Sex is a calling from God and savoring the revelation until the moment of birth seems to protect its weight and glory. But finally, there it is and it is heavy. How heavy you won’t know fully until your child hits puberty, but from the moment of birth your duties as a father flow in the direction of your precious child’s sex. You want your little one to confess the sex God made him. If he’s a little man, you must teach him manhood; and if she’s a little woman, womanhood.
What God decreed at the moment of conception is now visible to you and your wife and both of you must carry it forward. This tiny infant has male or female hormones which soon will begin to develop a man’s shoulders or a woman’s breasts. God assigned your child this calling and the calling can’t be removed by artificial hormones, surgical mutilation, or anyone’s preference for this or that “gender identity.”
Sex is not a choice.
Sex is a command.
This command has been issued by God. From the beginning He has made your little one male or female. From the very beginning He has founded your infant’s personhood in his sex. Remember what Jesus said?
What God has joined together, let no man divide.

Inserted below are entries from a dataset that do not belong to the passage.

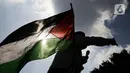 Massa Gerakan Pekerja Muslim Indonesia (GPMI) melakukan aksi solidaritas untuk Palestina di kawasan Thamrin Jakarta, Jumat (28/5/2021). Mereka menyuarakan keprihatinan atas tragedi kemanusiaan di Palestina, serta mewujudkan perdamaian dunia dan kemerdekaan atas Palestina (Liputan6.com/Faizal Fanani)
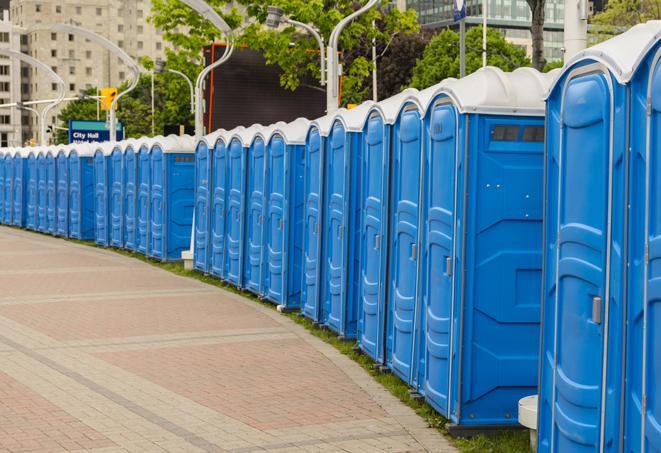 portable restrooms stationed outside of a high-profile event, with attendants available for assistance in Sandy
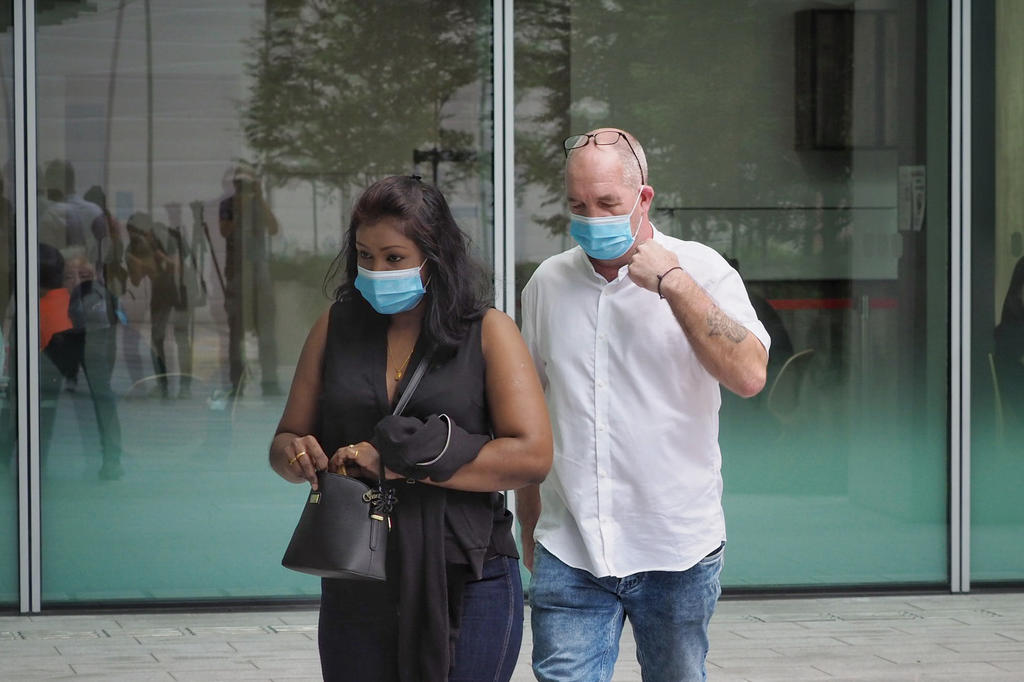 Nigel Skea (right), 52, and Agatha Maghesh Eyamalai, 39, are seen outside the court on February 15, 2021. u00e2u20acu2022 TODAY pic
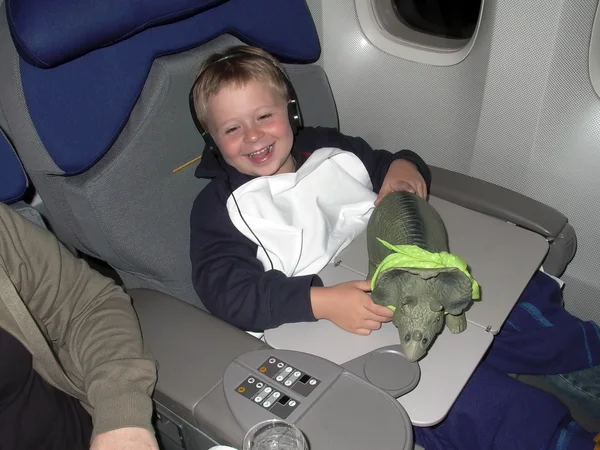 Menino está voando classe executiva na aeronave com seu brinquedo confortável — Fotografia de Stock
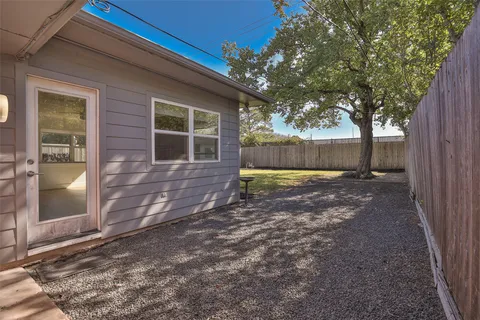 a view of a house with pool and a yard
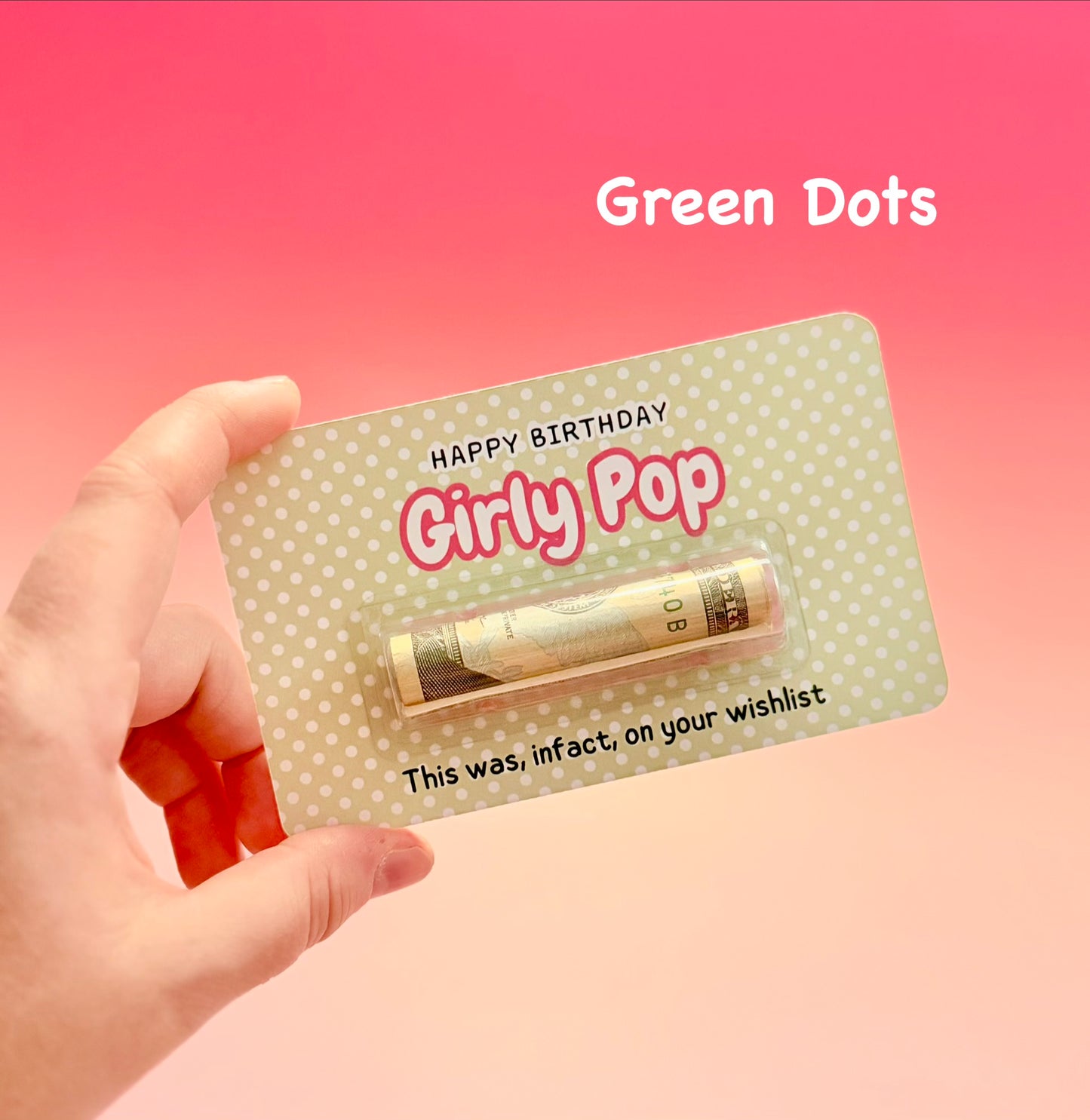 Hand holding a 'Happy Birthday Girly Pop' product with a pink background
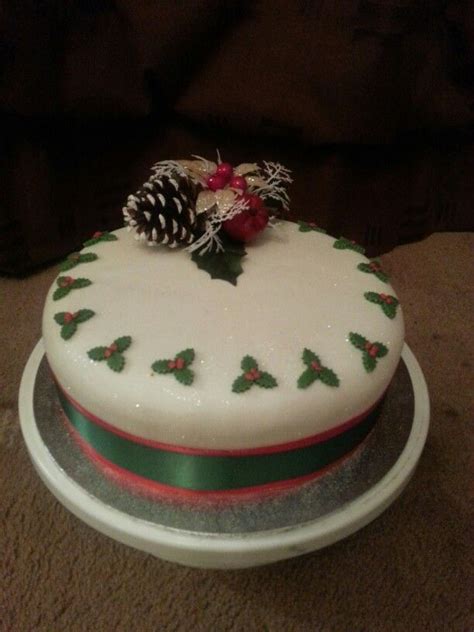 Christmas cake matured with plenty of brandy. Covered with marzipan and fondant icing. Dusted ...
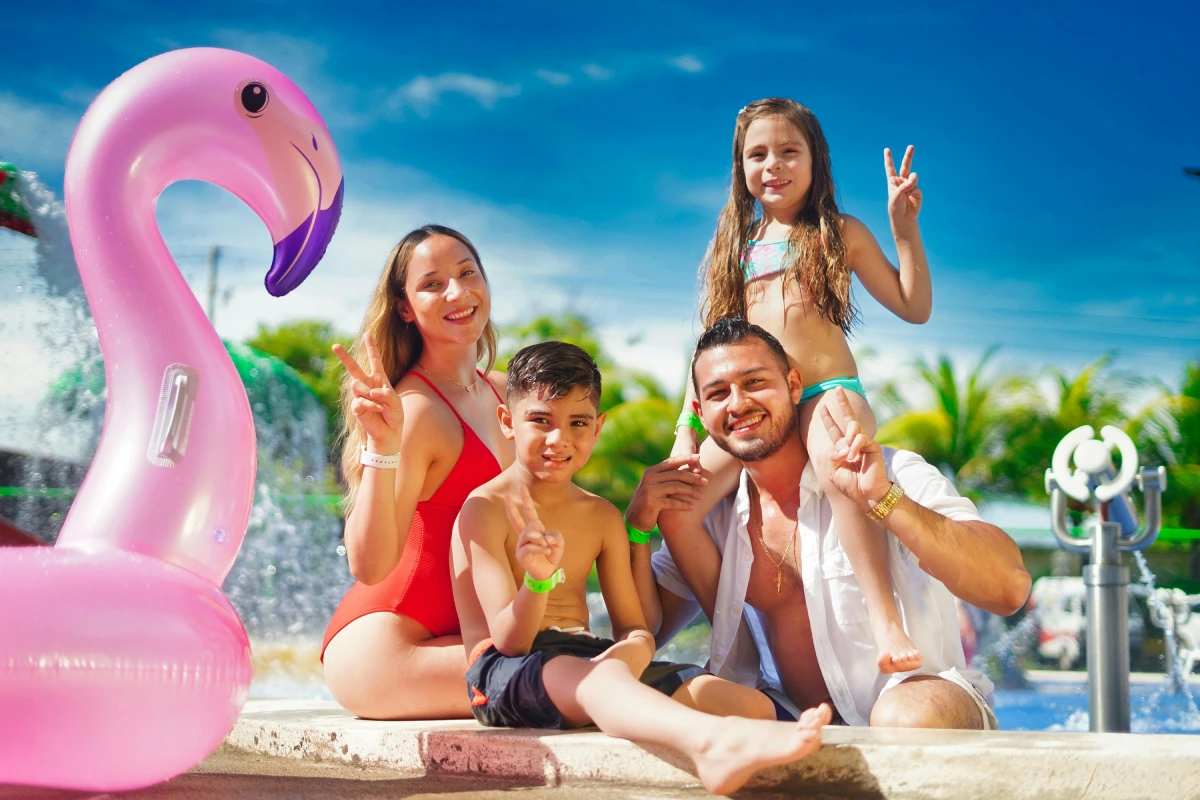 Cheerful girl enjoying a sunny beach vacation with friends in the sea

If you’re normal, you’ll start with color. Little boy blue and little girl pink is the norm. Since I’m color blind, this drives me crazy. The color of the baby’s clothes reminds you it’s a girl or boy, but it’s no help to me. The announcement of the baby’s birth, both sex and name, went out on the church’s e-mail list, but I can’t remember either. Since I can’t see what color the baby’s wearing, when I first see the baby in church, inevitably I am stuck asking “is it a girl or boy?”
No mother has ever responded, “We don’t know yet. We don’t want to make assumptions. We’re just waiting to see what it wants to be.”
No, it’s blue or pink. Not just the onesie, but the stroller and blankie and paint on the bedroom walls.1
Parents will be tempted to make a big deal out of their baby’s sex where it doesn’t much matter while neglecting it where it’s much more serious. Infant girls have floral designs on their clothes while boys’ clothing features pictures of footballs, fire trucks, and baseball bats, but is this style and fashion all there is to raising a girl or boy?
No. Sex is more than colors and pictures—much more. Sex is duty and responsibility. Sex is personhood. Sex is God’s calling. To live faithful to one’s sex is to live a holy life.
Oppositely, to repudiate one’s sex is to defy God.
Part of the Virgin Mary’s holiness was her feminine receptivity to the call of God when she bore the baby Jesus in her womb. In the same way, part of our Lord’s holiness was his masculine taking of responsibility and authority for the Twelve, for the cleansing of His Father’s temple, and for His Own mother standing there crying at the foot of His cross when He said to His beloved disciple, John: “Behold your mother.”
So, dear reader, wrap your mind around the fact that God has not blessed you with a little person, but rather a little man or a little woman. And it’s your job to raise this little man or woman to be faithful to this calling from God. May God bless you in your work.